### Data
=======
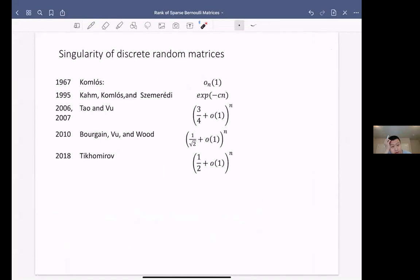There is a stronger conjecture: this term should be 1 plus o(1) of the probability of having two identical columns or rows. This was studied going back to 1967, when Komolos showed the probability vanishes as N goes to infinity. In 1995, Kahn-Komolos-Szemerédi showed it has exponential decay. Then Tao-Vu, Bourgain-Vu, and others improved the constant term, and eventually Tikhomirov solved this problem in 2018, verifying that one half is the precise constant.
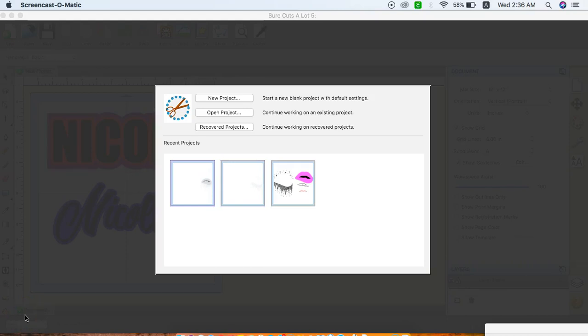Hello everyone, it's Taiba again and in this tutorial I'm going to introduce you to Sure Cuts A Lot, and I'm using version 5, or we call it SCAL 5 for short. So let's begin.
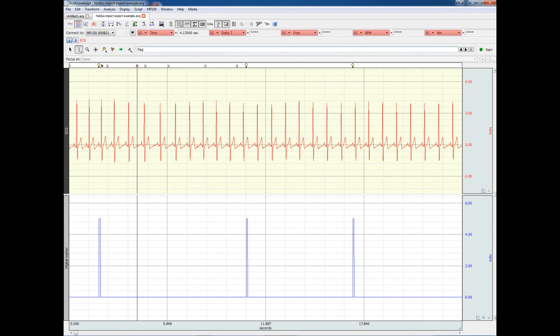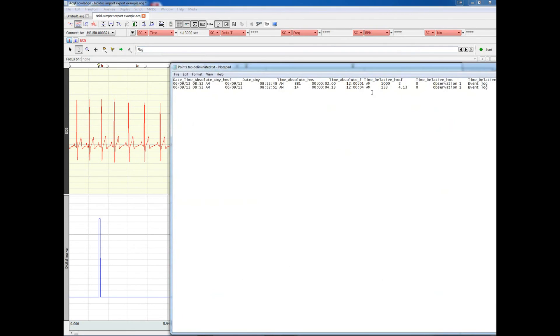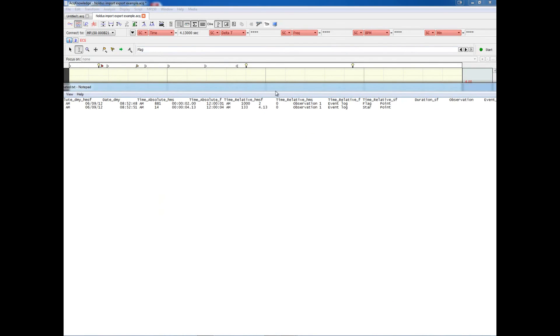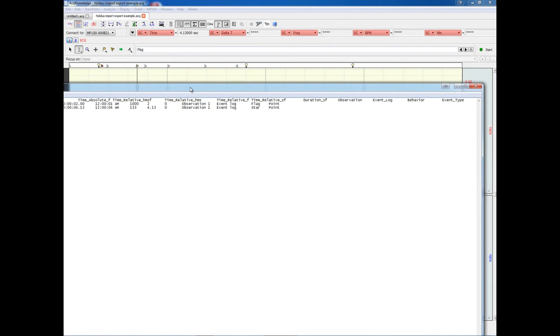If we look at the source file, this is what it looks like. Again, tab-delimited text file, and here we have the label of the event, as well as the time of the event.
=======
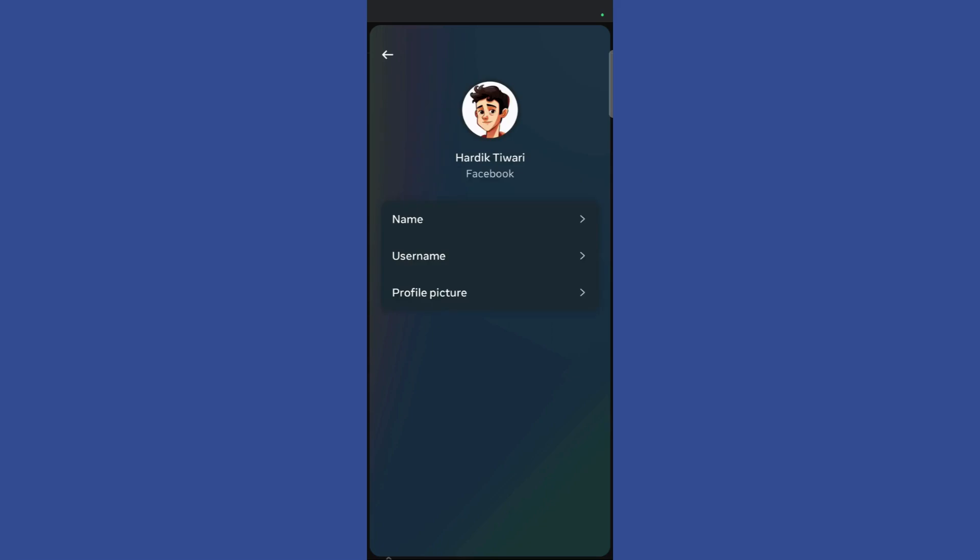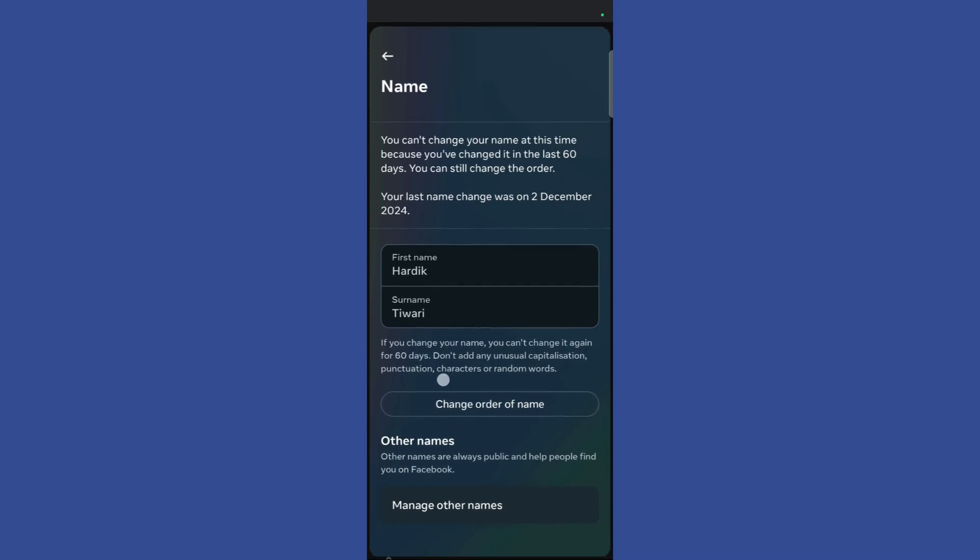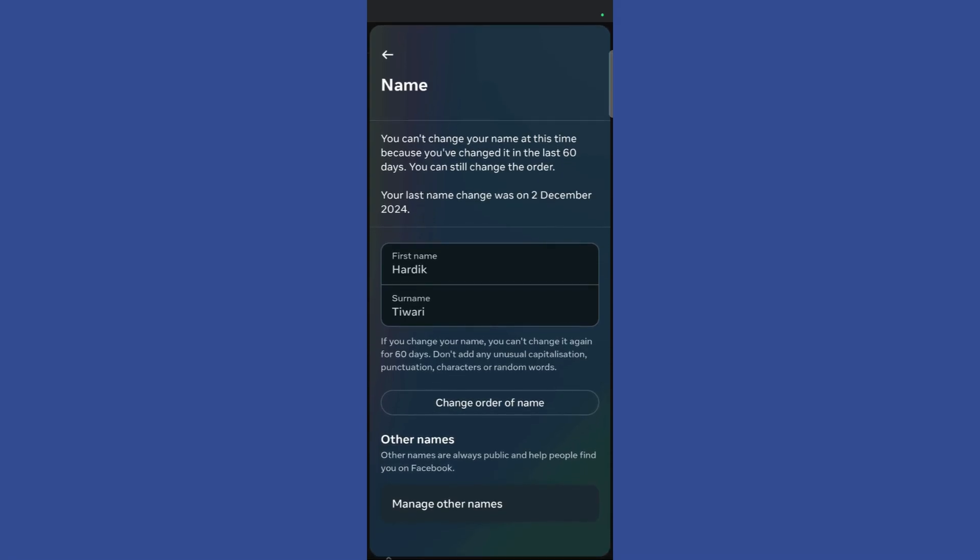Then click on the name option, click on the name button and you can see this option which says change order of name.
=======
### To do
Skip every picture, and restate word for word only the lines above from the line containing "There is a stronger" to the line containing "If we look at", both of them included.

### Response to the task
There is a stronger conjecture: this term should be 1 plus o(1) of the probability of having two identical columns or rows. This was studied going back to 1967, when Komolos showed the probability vanishes as N goes to infinity. In 1995, Kahn-Komolos-Szemerédi showed it has exponential decay. Then Tao-Vu, Bourgain-Vu, and others improved the constant term, and eventually Tikhomirov solved this problem in 2018, verifying that one half is the precise constant.
Hello everyone, it's Taiba again and in this tutorial I'm going to introduce you to Sure Cuts A Lot, and I'm using version 5, or we call it SCAL 5 for short. So let's begin.
If we look at the source file, this is what it looks like. Again, tab-delimited text file, and here we have the label of the event, as well as the time of the event.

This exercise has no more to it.